Lewati promosi buletin sebelumnya

Johan Neeskens bergabung dengan Barcelona pada tahun 2006 sebagai asisten manajer Frank Rijkaard. Foto: Gustavo Nacarino/Reuters

Saya mengunjunginya di sana pada tahun 2003 dan terpesona dengan banyaknya waktu yang dia habiskan untuk berbicara dengan pekerja lepas muda. Beberapa minggu kemudian, dia menelepon saya di rumah untuk menjawab beberapa pertanyaan singkat untuk kantor pers (melalui telepon umum di apartemen yang kami tinggali bersama, dia berkata, “Ini untukmu – Johan, siapa?” dalam bahasa Belanda) Sepertinya itu.”) Kembali ke tahun 70-an, saya terlambat untuk giliran kerja saya di Teleteks karena saya berada di sana selama sekitar 30 menit, saya tahu itu terdengar seperti kebohongan besar. Ada kerendahan hati dan keinginan untuk membicarakan masa lalu yang menjadi ciri sebagian besar aspeknya.
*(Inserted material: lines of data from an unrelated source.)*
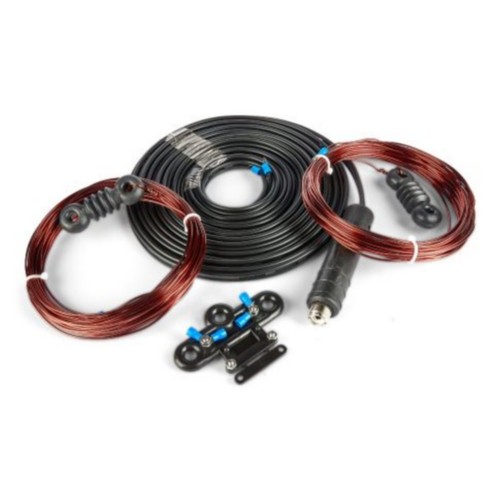 Antenne filaire dipole g5rv - hf,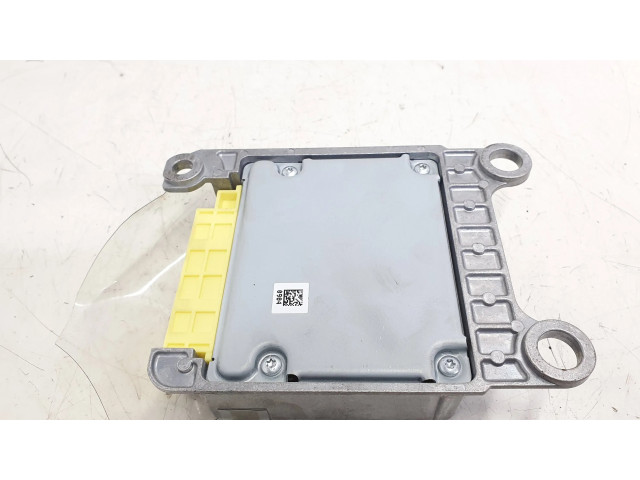 Блок подушек безопасности 8917053110, 0285001904 Lexus IS 220D-250-350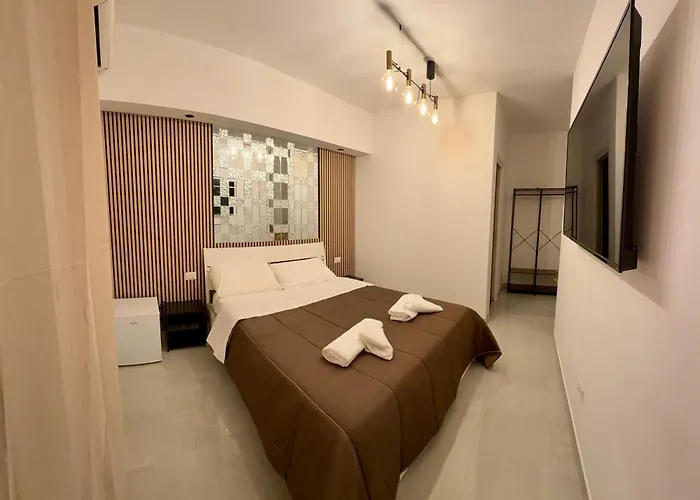 Easyhomeinnaples 2*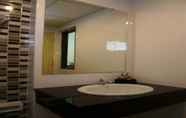 ห้องน้ำภายในห้อง 3 Loft Buriram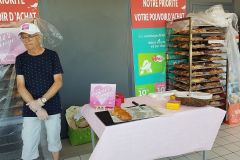 AUCHAN-VENTE-DES-BRIOCHES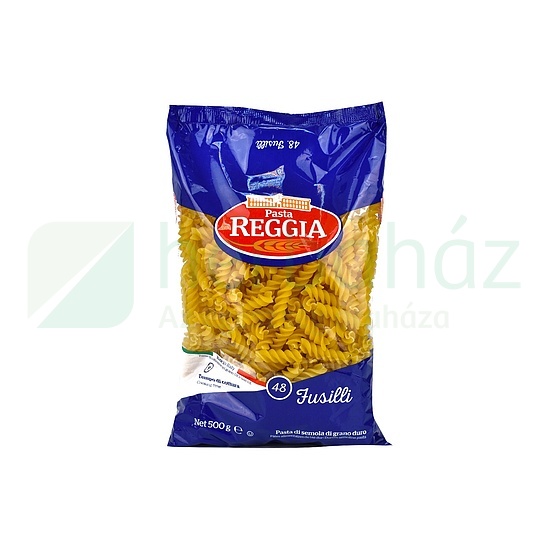 REGGIA FUSILLI/ORSÓ DURUMTÉSZTA 500G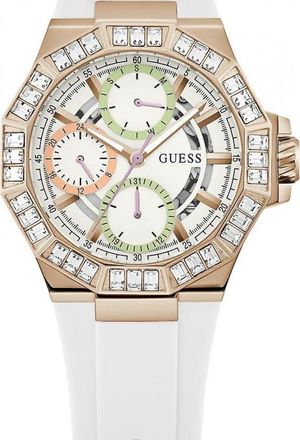 Guess Womens GW0695L3 Ladies Selene Watch - Rose Gold - One Size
Tapi Neeskens tangguh, sedingin es, dan jelas merupakan pengecualian. Dia tidak akan pernah mengatakan hal itu – sebagian besar ego tim itu adalah milik Cruyff – namun tanpa dia, total football Belanda akan kehilangan kualitas pergerakan cerdas dan manipulasi ruangnya sepak bola Jerman. Apa yang membuatnya begitu unik dan berpengaruh adalah liputannya yang ganas. Total Football membutuhkan Cruyff, tapi juga membutuhkan Neskens.